Registriert seit: 11.05.2003
Beiträge: 310
Wohnort: 53842 Troisdorf

Beitrag: Donnerstag, 16. Nov. 2006 15:13    Titel: Liebhabereien Antworten mit Zitat

Das Verb “liebhaben“ gehörte im „vorreformatorischen“ Duden zu den unfesten Zusammensetzungen. Entsprechend wurden auch „liebgewinnen“, „liebbehalten“ und „liebkosen“ zusammengeschrieben. Der „Wahrig“ (Ausgabe 1986) stimmt, was die „auf Liebe bezogenen“ Verben angeht, mit dem Duden überein.
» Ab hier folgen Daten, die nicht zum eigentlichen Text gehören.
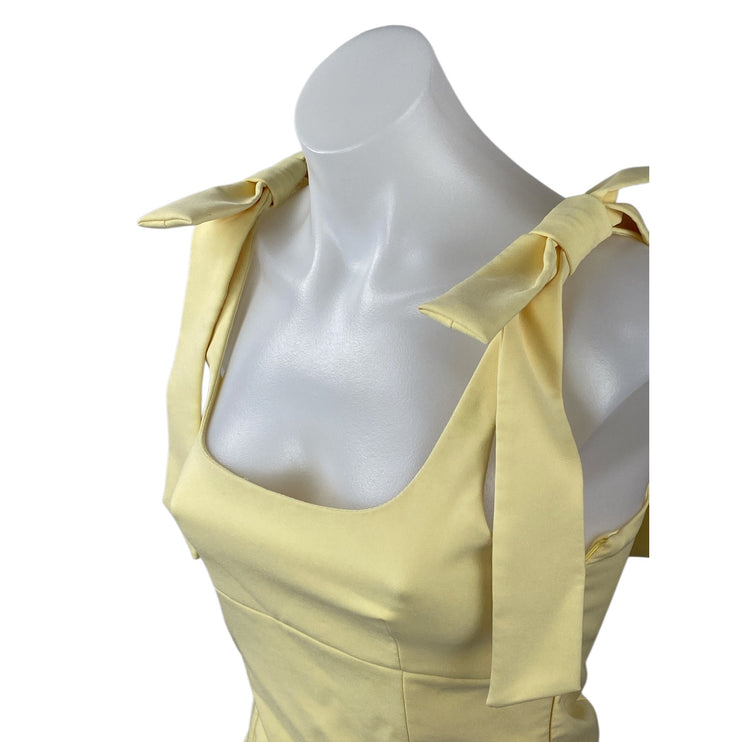 Zara Women's Yellow Knot Bot Strap Sleeveless Cami Camisole Tank Top Size XS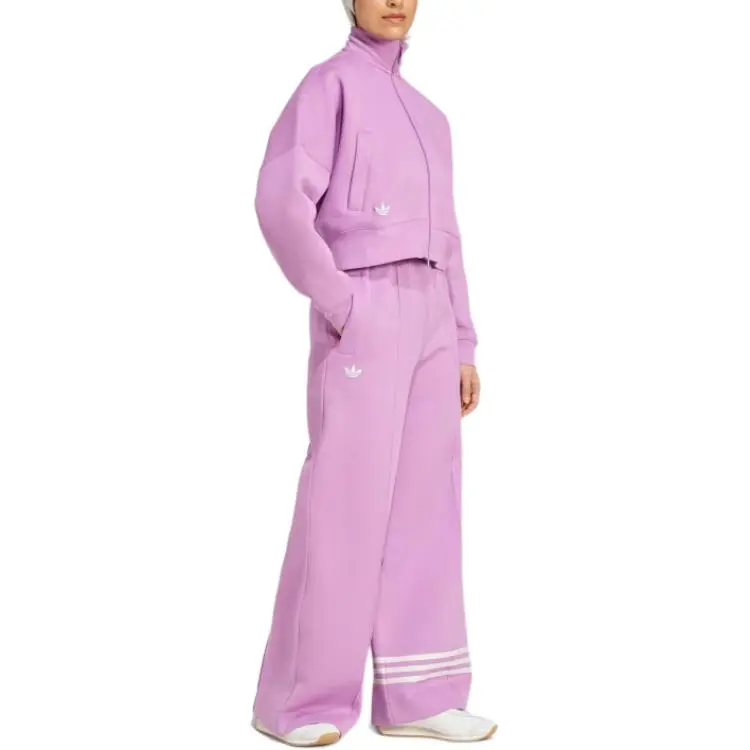 Adidas Originals ADICOLOR NEUCLASSICS FW24 Track Knitted Sweatpants Women's Second Hand Purple-3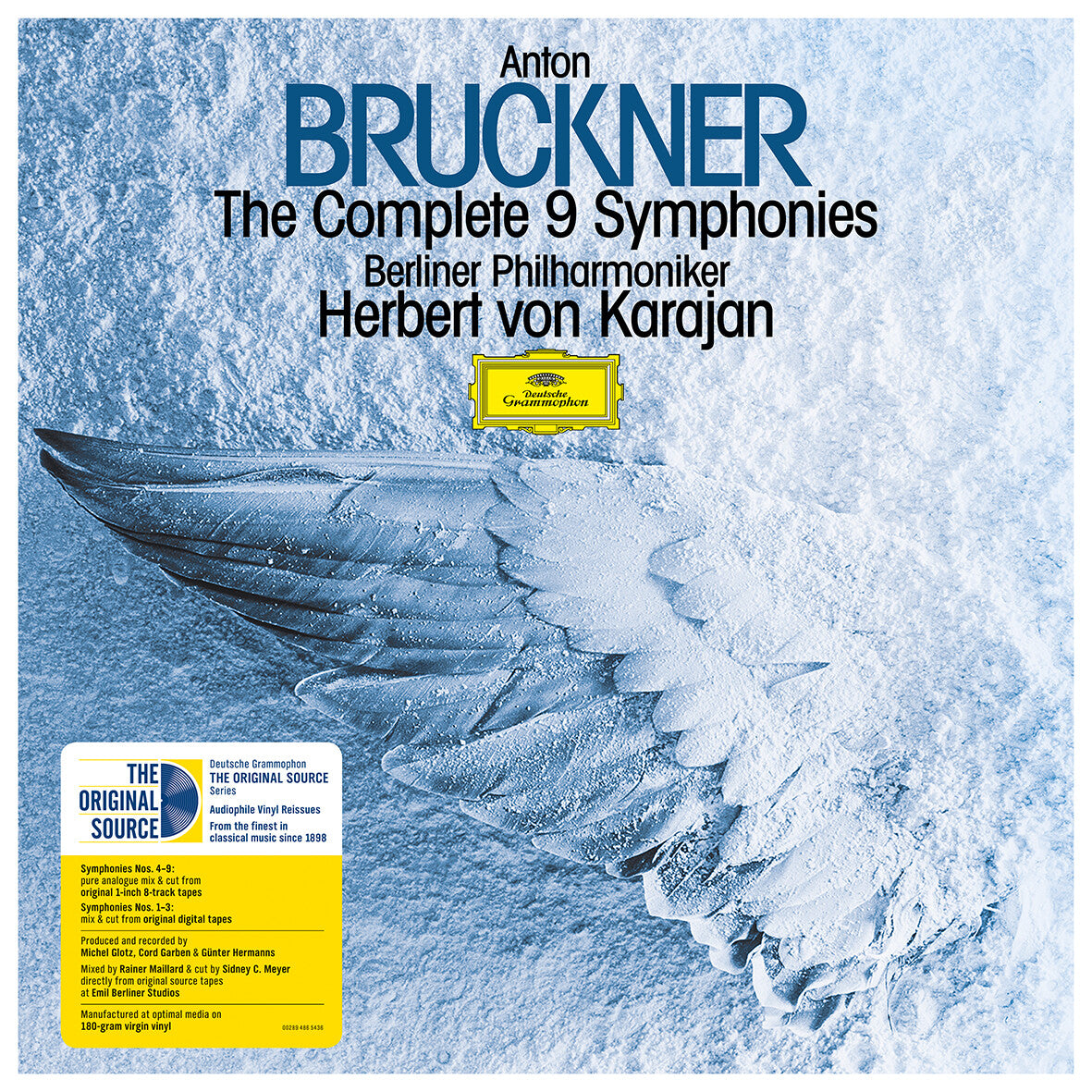 Herbert von Karajan & Die Berliner Philharmoniker Anton Bruckner: The Complete 9 Symphonies Original Source 17-LP-Set 352753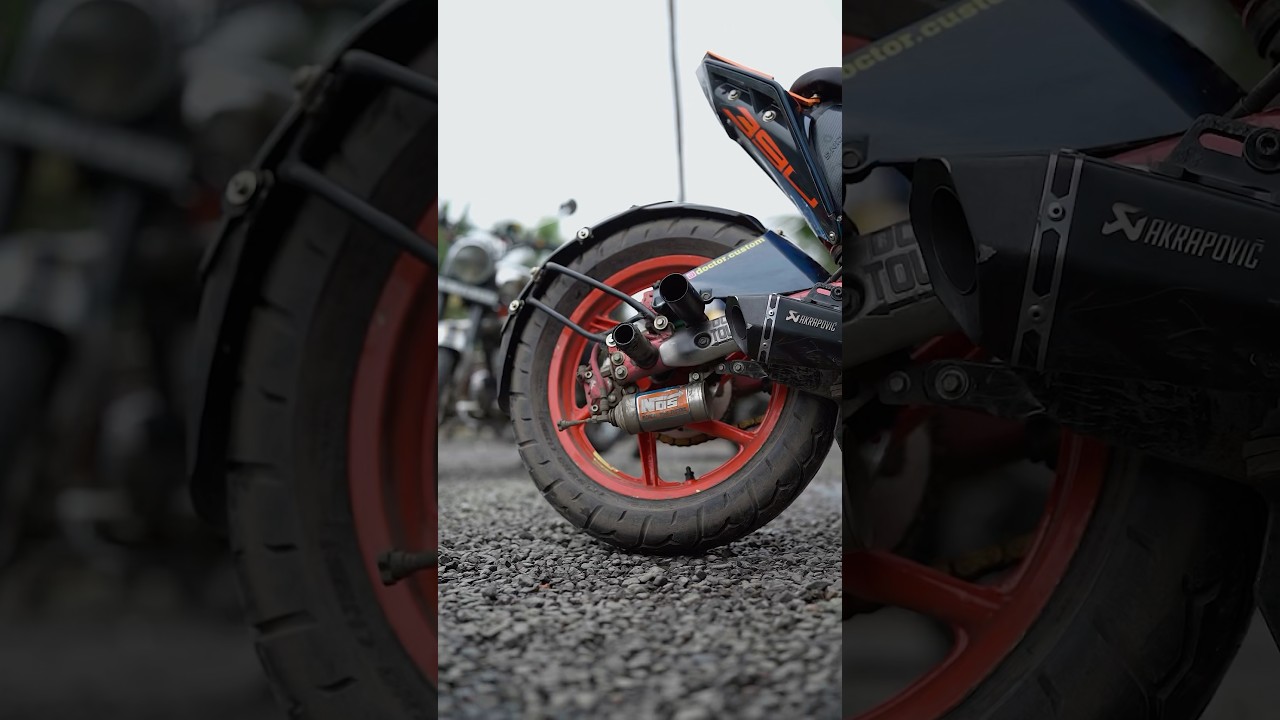 Modified Duke 390 #ktmlovers #duke390 #modification #motorcycle #vlog #bikersshorts #expensive #mod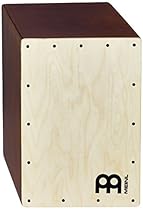 Meinl Percussion JC50LBNT Birch Wood Compact Jam Cajon with Internal Snares, Light Brown
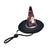 Halloween felt bat wings for dogs and cats, showing size and shape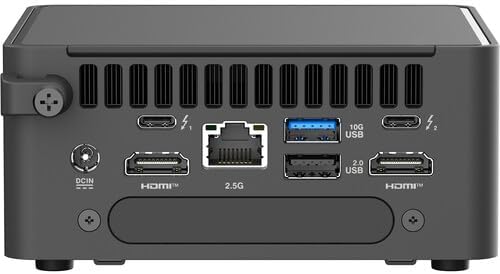 ASUS NUC 15 Pro NUC15CRHU7 Mini PC, Cyber Canyon Core Ultra 7 255H,16-Cores 5.1Ghz, Arc 140T Graphics, NPU, Dual Thunderbolt 4 Ports, Quad Display, WiFi 7 + BT 5.4, Win 11 Pro (32GB RAM + 1TB NVMe)
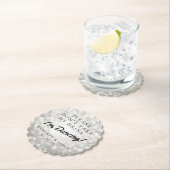 "私の飲み物"の結婚披露宴の銀取らないで下さい ペーパーコースター (インサイチュ)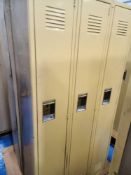 (6) Medart Single Tier Lockers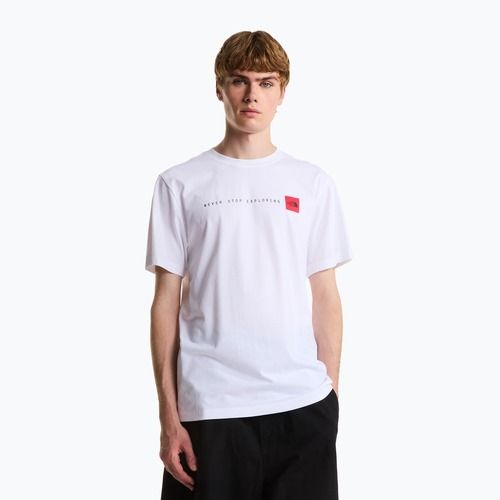 Мъжка тениска за трекинг The North Face Never Stop Exploring Regular tnf white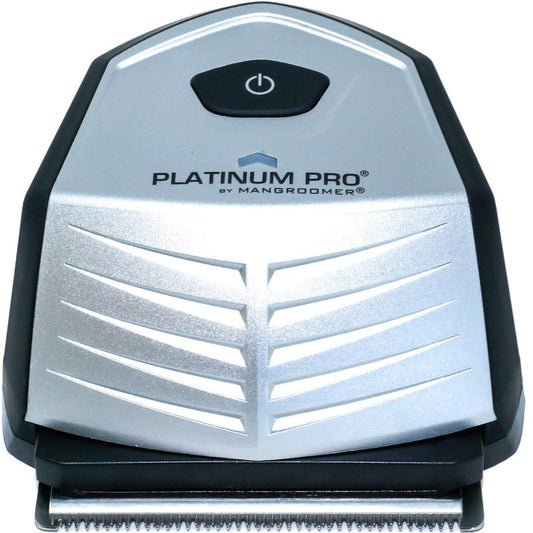 MANGROOMER - PLATINUM PRO New Self-Haircut Kit and Advanced Hair Clippers with Lithium Max Battery, 9 Length Guards and Included Bonus Storage Case, 2 Piece Set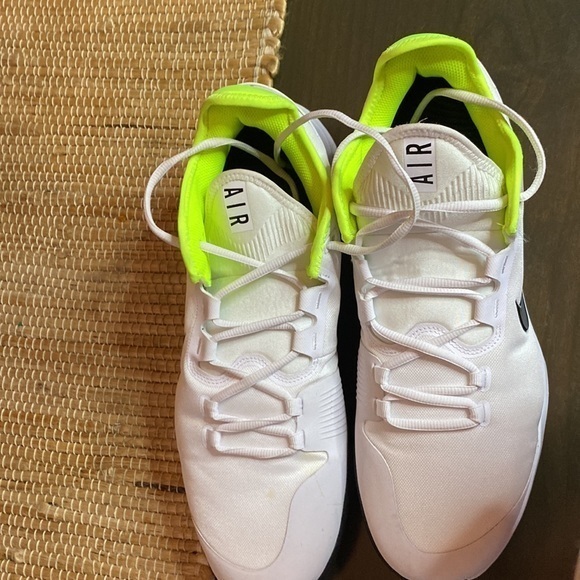 Nike Wildcard HC Volt Air Max White/Lime/Black Marathon Running Shoe Size 14 - Picture 10 of 11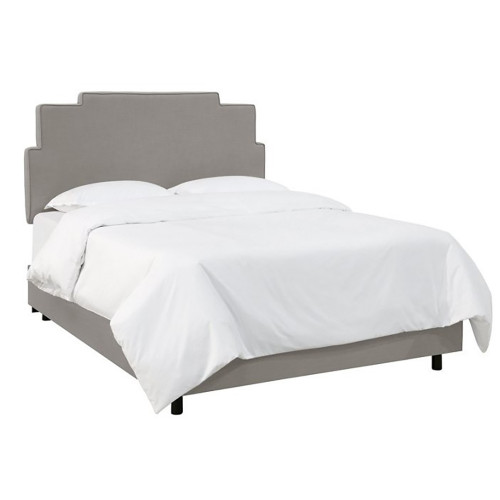 кровать двуспальная 180х200 серая paxton gray linen в Архангельске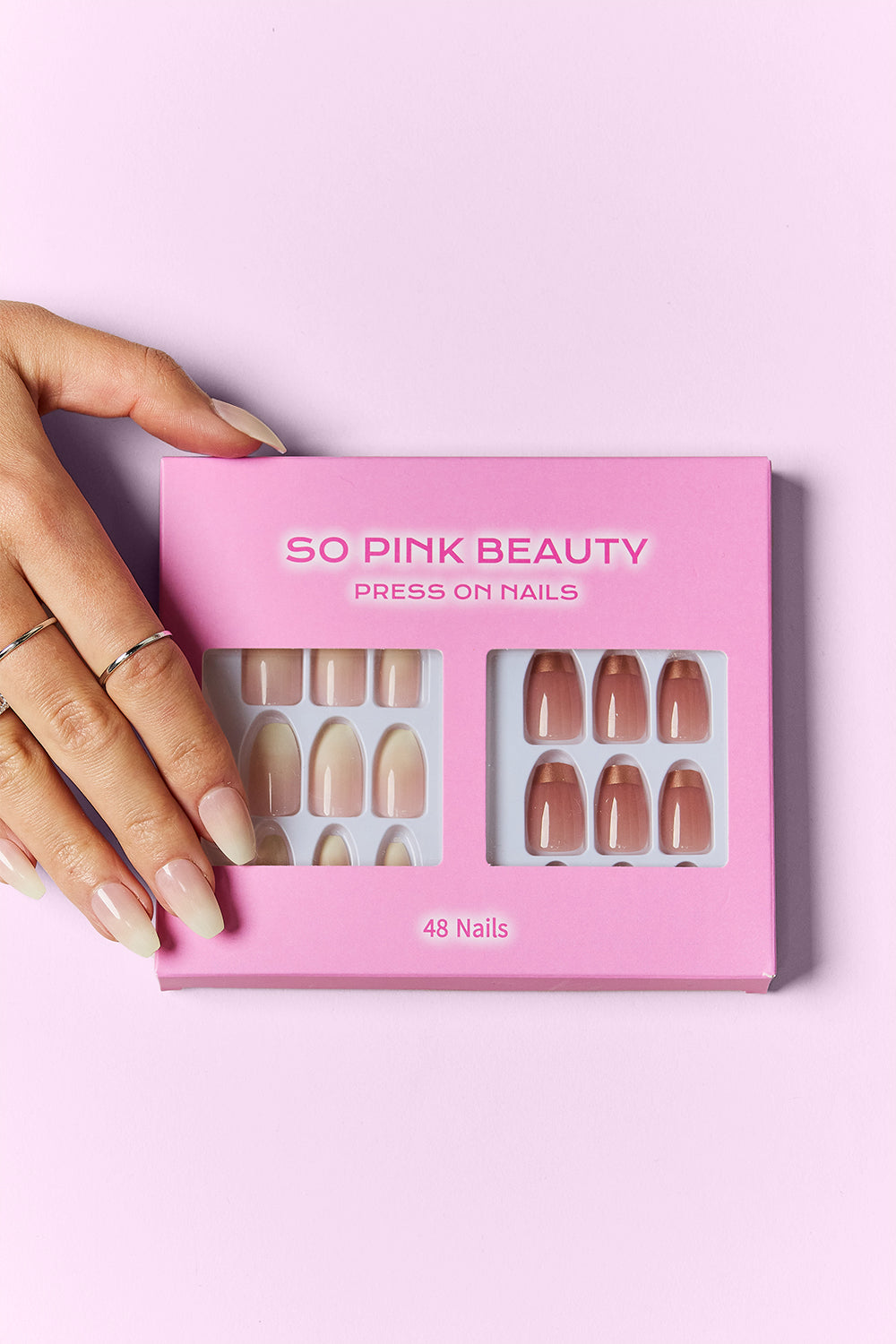 SO PINK BEAUTY Press On Nails 2 Packs - felvior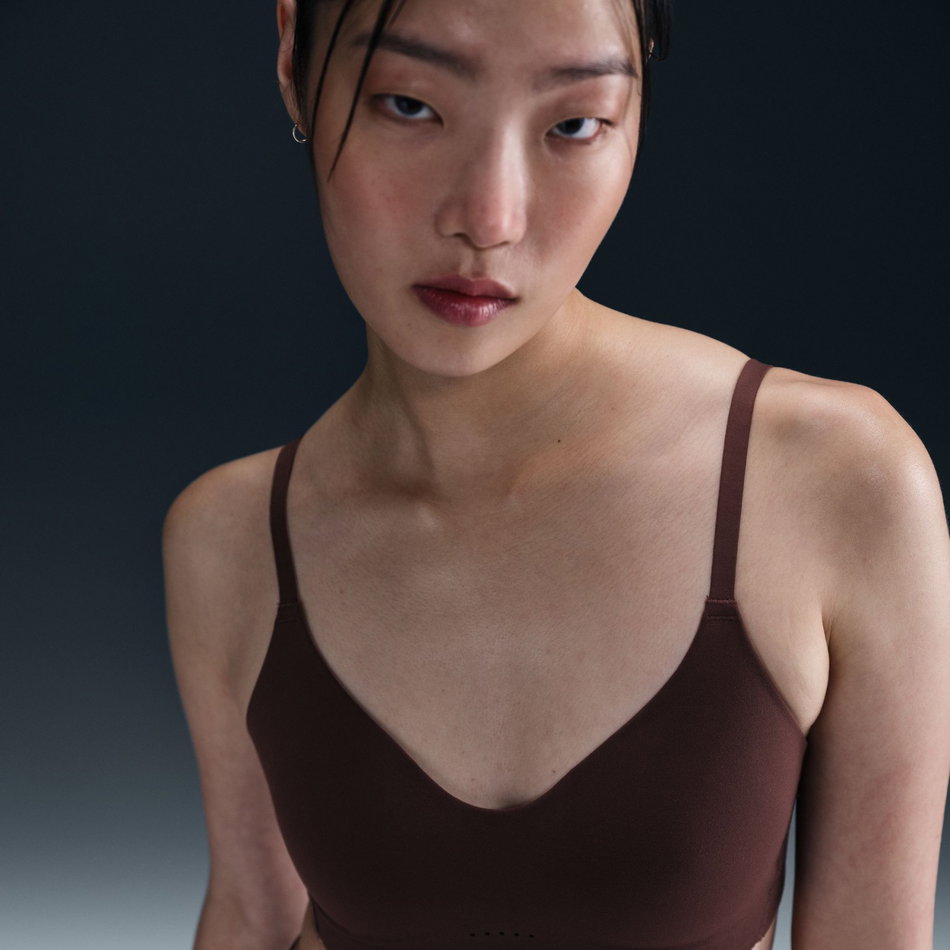Alate Minimalist LS Bra Kadın Kahverengi Sporcu Sütyeni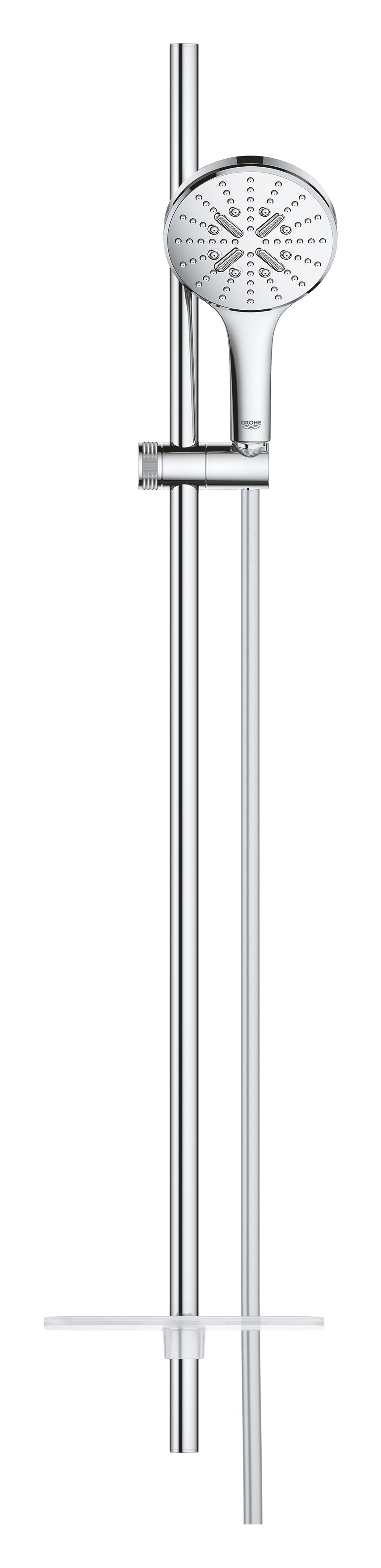 Coloana de dus Grohe 26548000, dus SmartActive 130, montaj aparent, pentru un dus confortabil zilnic, crom [1]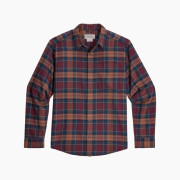 Camisa de hombre Royal Robins Lieback Organic Cotton Flannel L/S burdeos Wine Oak Pld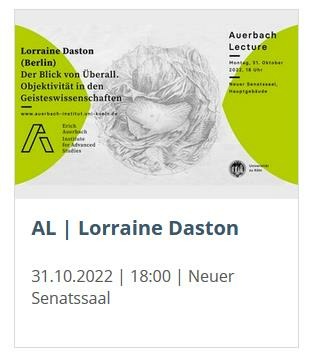Lorraine Daston (Berlin) | Der Blick von Überall. Objektivität in den Geisteswissenschaften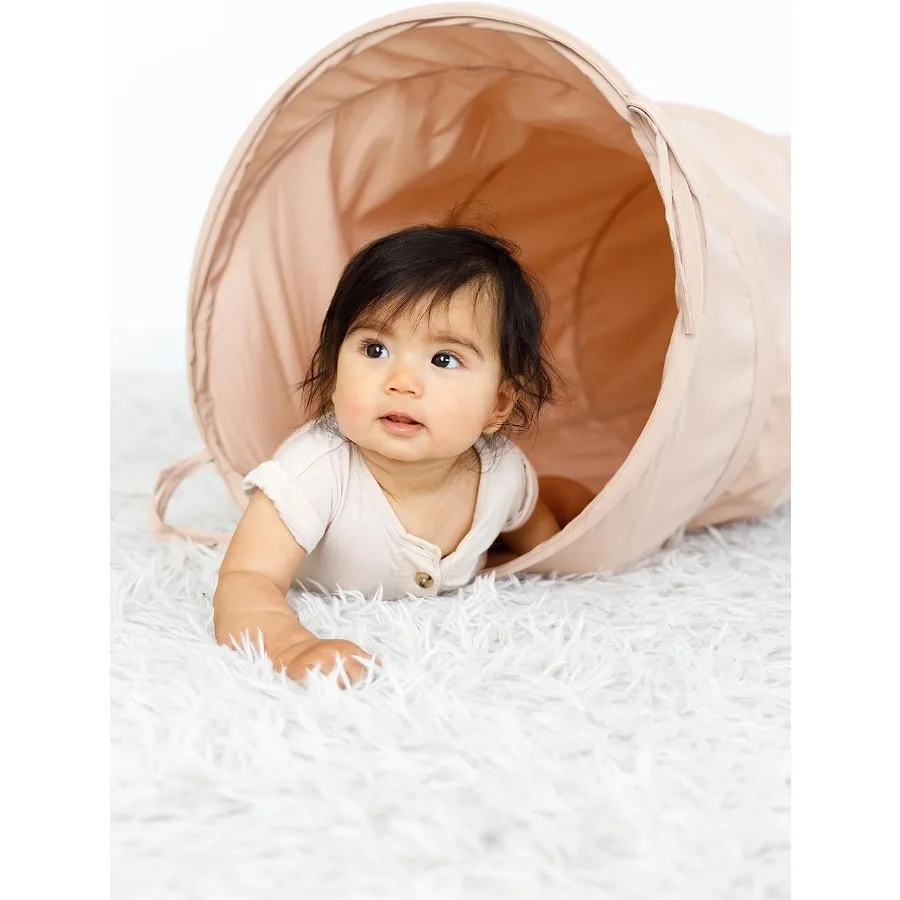 Kids Play Tunnel - 6ft Pop Up Crawl Tunnel for Toddlers Babies - Collapsible Tunnel Toy Gift for Boy and Girl - Play Tunnel Tent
Im „Wörterbuch der allgemein üblichen Rechtschreibung“ von Theodor Ickler sieht das ein wenig anders aus: „liebhaben“ und „liebgewinnen“ sind jeweils mit dem „Sowohl-als-auch-Bogen“ versehen, was darauf schließen läßt, daß die Zusammenschreibung im allgemeinen Schreibgebrauch nicht fest etabliert war. Ickler muß bei seinen Recherchen auf eine relevante Zahl von Belegstellen für die Getrenntschreibung gestoßen sein. „Liebbehalten“ ist bei Ickler nicht aufgeführt, „liebkosen“ erscheint ohne Bogen, mithin als unstrittige Zusammensetzung.
Zu „liebhaben“ gibt es das Synonym “ gern haben“. Diese Wortfolge wurde sowohl bei Duden als auch bei Wahrig als auch bei Ickler immer getrennt geschrieben. Wer irgendwann gelernt hatte, daß die Zusammen- oder Getrenntschreibung dem Leser Bedeutungsunterschiede vermitteln sollte, mochte vielleicht nicht recht einsehen, warum „gern haben“ im Sinne von „liebhaben“ nicht zusammengesetzt wurde, um den Unterschied zu der Bedeutung „zu erwerben beabsichtigen“ – „Ich möchte diese Halskette gern haben“ –
hervorzuheben. Freilich kommt die Wortfolge in letzterer Bedeutung fast ausschließlich im Infinitiv und in Verbindung mit „möchte“ vor, so daß eine Verwechslung der beiden Bedeutungen praktisch ausgeschlossen war.
Dann kam im Jahre 1996 die Rechtschreibreform mit ihrer unseligen „Steiger- oder Erweiterbarkeitsregel“. Da man jemanden auch sehr liebhaben kann, sollte man fortan stets getrennt schreiben: lieb haben, sehr lieb haben.
Die „Reform der Reform“ hat nun seit dem 1. August 2006 erlaubt, einen Mitmenschen wieder schlicht „liebzuhaben“, aber der Duden rät davon ab. Er möchte, daß wir uns weiterhin, wie seit 1996, „lieb haben“. Wahrig (2006) gibt sich in diesem Falle unparteiisch:
„Wenn unklar ist, ob eine Fügung aus Adjektiv und Verb idiomatisiert ist, also ob ihre Gesamtbedeutung nicht aus den Bedeutungen der Einzelbestandteile ersichtlich ist, kann sowohl zusammen- als auch getrennt geschrieben werden. Dies gilt auch für die Verbindung des Adjektivs „lieb“ mit den Verben „behalten“, „gewinnen“ und „haben“.
Folgen hingegen die Wörter „gern“ und „haben“ aufeinander, so gibt es seit 1. August 2006 weder bei Duden noch bei Wahrig Pardon: im Sinne von „lieben“ darf man sie nur noch zusammenschreiben – „ein Mädchen „gernhaben“ - , im Sinne von „erwerben wollen“ wie bisher auseinander: „Ich möchte diese Halskette gern haben“.

Vorläufiges Resümee:

Bis 1996/98 durfte ich meinen Schatz nur – von Icklers „Toleranzbögelchen“ mal abgesehen – „liebhaben“ oder „gern haben“,

von 1996/98 bis 2006 durfte ich meinen Schatz nur „lieb haben“ oder „gern haben“,

seit 1. August 2006 darf ich meinen Schatz auch wieder „liebhaben“, aber der „Duden“ rät mir, ihn „lieb zu haben“. „Gern haben“ darf ich meinen Schatz nicht mehr, ich habe jetzt die Wahl, ihn „gernzuhaben“, „lieb zu haben“ oder – wenn ich Dudens Rat in den Wind schlage – liebzuhaben.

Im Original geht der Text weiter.